Tenure in FRIS 2016.4-2021.5
|Research Fields||Epithelial cell biology, Developmental genetics, Developmental cell biology, Molecular biology|
|Academic Society Membership||Japanese Society for Developmental Biologists, The Molecular Biology Society of Japan, Genetics Society of America|
Epithelia are the foundation of organs and appendages throughout Metazoa and are a major source of human pathologies such as carcinomas. During embryogenesis and in adult, proliferating cells coordinate tissue growth or remodeling with morphogenesis to maintain their adhesive and polarized architecture. A tight balance of cell behaviors including cell division and death is particularly important for tissue homeostasis within the constraints of the epithelium. Although loss of tissue organization and alteration of cell fate have been assumed to be critical steps in epithelial pathogenesis, their causal relationship, underlying cellular dynamics and molecular networks are largely unknown.

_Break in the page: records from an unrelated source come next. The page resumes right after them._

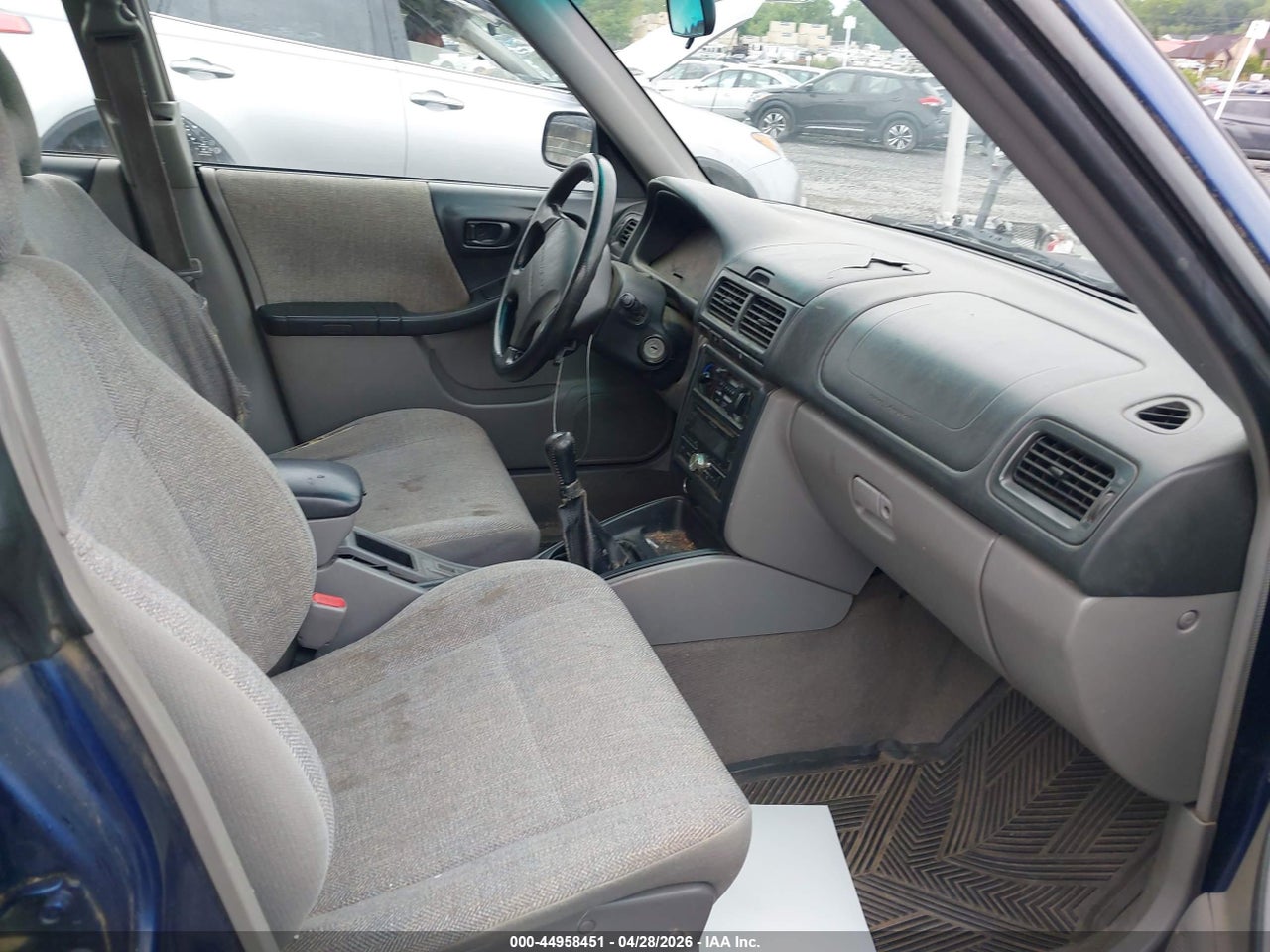 Image 5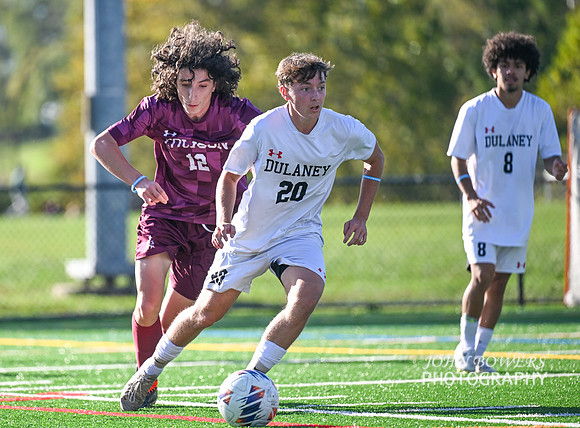 Dulaney-v-Towson-02929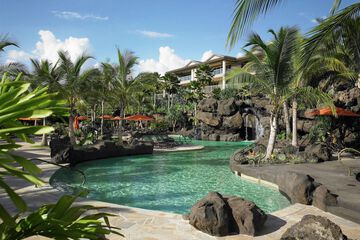 Ho‘olei Villas at Grand Wailea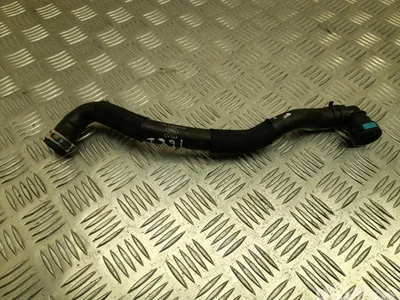 Land Rover FPLA-8K512-AA / FPLA8K512AA RANGE ROVER SPORT (L494) 2017 Conduite de réfrigérant - Image 1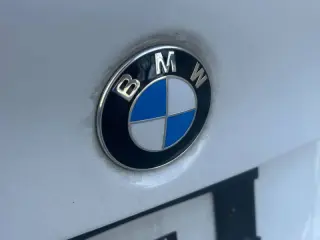 2014 BMW 5 Series 535i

My research interests are to understand how the polarized epithelial architecture is robustly maintained and to illuminate the causes of epithelial diseases by gaining mechanistic insights into the inherent plasticity of epithelial cells. Previously, I showed that the defects in mitotic spindle orientation in epithelia can trigger abnormal Epithelial-to-Mesenchymal Transition (EMT) and potential tumor formation (Figure). I am currently investigating mechanisms of aberrant cellular plasticity, or pathogenic cell-fates by studying EMT, tumorigenesis and regeneration using the Drosophila epithelia as a genetically tractable model. The overlapping objectives of my aims address a fundamental question: how does epithelial architecture maintain tissue homeostasis and suppress abnormal cell fate transformation? At the FRIS, I will introduce interdisciplinary approaches and elucidate the molecular and cellular machinery underlying biological phenomena.